The phrase “equivalently sized circular cross section”, as used herein, refers to shafts having a circular cross section with an outside diameter (shown as “OD” in FIG. 5) equal to the smallest outside dimension of the shaft of the present invention. For example, an equivalently sized shaft to the shaft of the present invention shown in FIG. 2 is a circular shaft that has a diameter equal to the length, 1, of the minor axis of the ellipse. The shaft of the present invention may also have a leading edge with a smaller radius of curvature than circular shafts with a smaller diameter than the smallest outside dimension of the shaft of the present invention. In particular, the leading edge 34 should have a smaller radius of curvature than conventional golf club shafts having circular cross sections of such as any of those manufactured by Aldila, Inc., or manufactured under the tradename of True Temper by True Temper Sports of Memphis, Tenn. (the specifications of which are incorporated by reference herein). (That is, the leading edge 34 should have a radius of curvature of less than about 0.47 cm at the tip and less than about 0.8 cm at the butt.) In addition, although the leading edge 34 is described as having a “radius of curvature”, the shaft of the present invention is not limited to shapes having cross sections defined strictly by curvilinear segments. It is within the scope of the present invention for the cross section of the leading edge 34 to be formed by rectilinear segments, curvilinear segments, or both.
The cross sectional shape of the shaft 22 can be constant down the length of the shaft, or it can vary down the length of the shaft. The cross section can vary in the alignment of the axes of the ellipses and/or the size of the ellipses.
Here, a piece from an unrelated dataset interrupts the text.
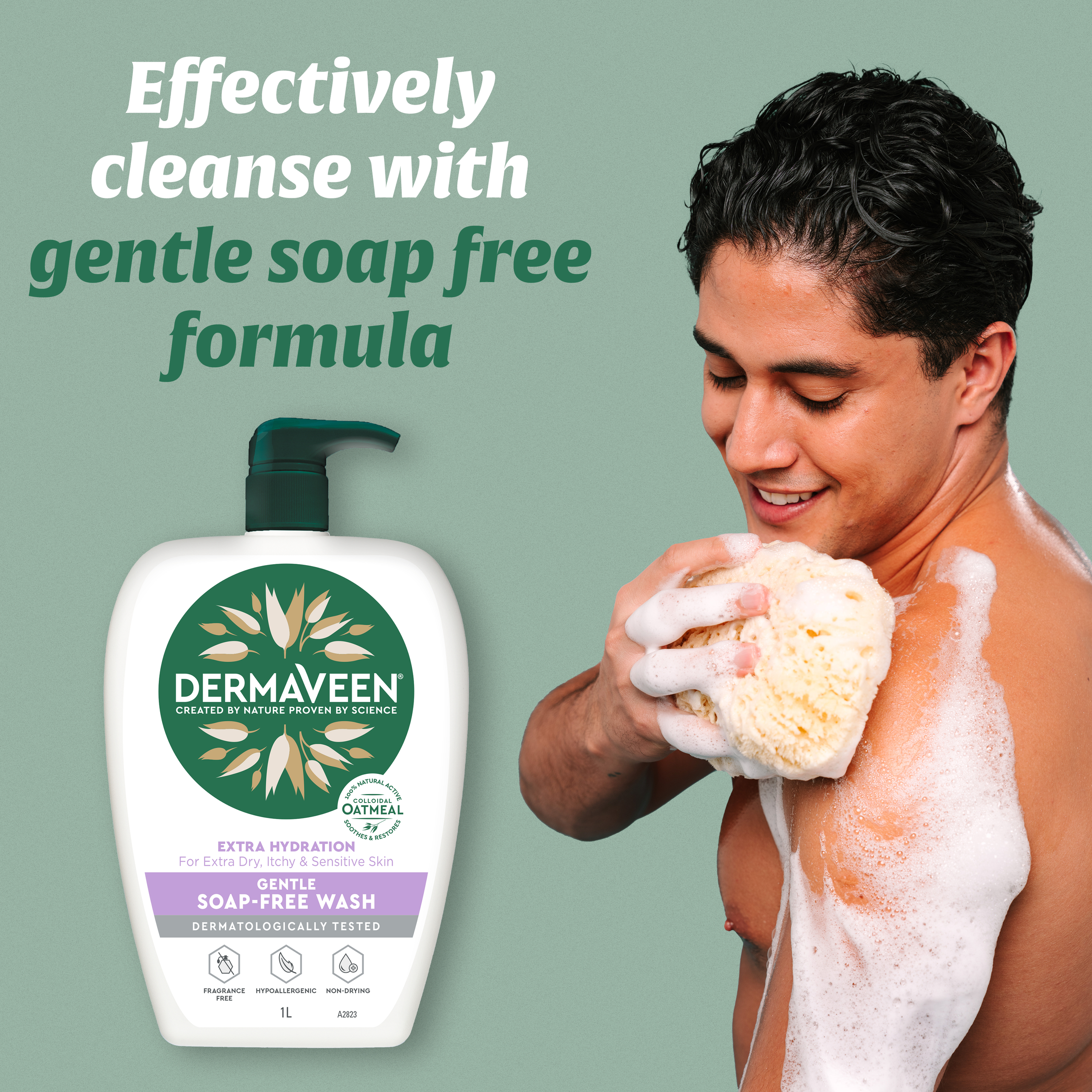 DermaVeen Extra Hydration Soap Free Wash 1 litre - Image 3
The cross sectional shape of the shaft could, for example, be used to reduce drag on the shaft when it is in different positions during the golfer's swing, to bring the golfer's swing into impact on a certain swing path, or both. For instance, the shaft 22 can have the cross section shown in FIG. 3 near the grip 24. The cross section of the portion of the shaft near the grip is oriented to reduce wind resistance when the golfer is pulling the club into the ball on the way down from the top of the swing. The portion of the shaft having the cross section shown in FIG. 2 could then serve to assist the golfer in moving the club into the impact zone by minimizing drag and squaring the clubface.
The shaft 22 is preferably constructed so that any variations in the cross section of the shaft 22 are gradual so that there is a smooth transition along the shaft between such different cross sections. In addition, the shaft 22 of the present invention can be provided with a series of “step downs” similar to current golf club shafts.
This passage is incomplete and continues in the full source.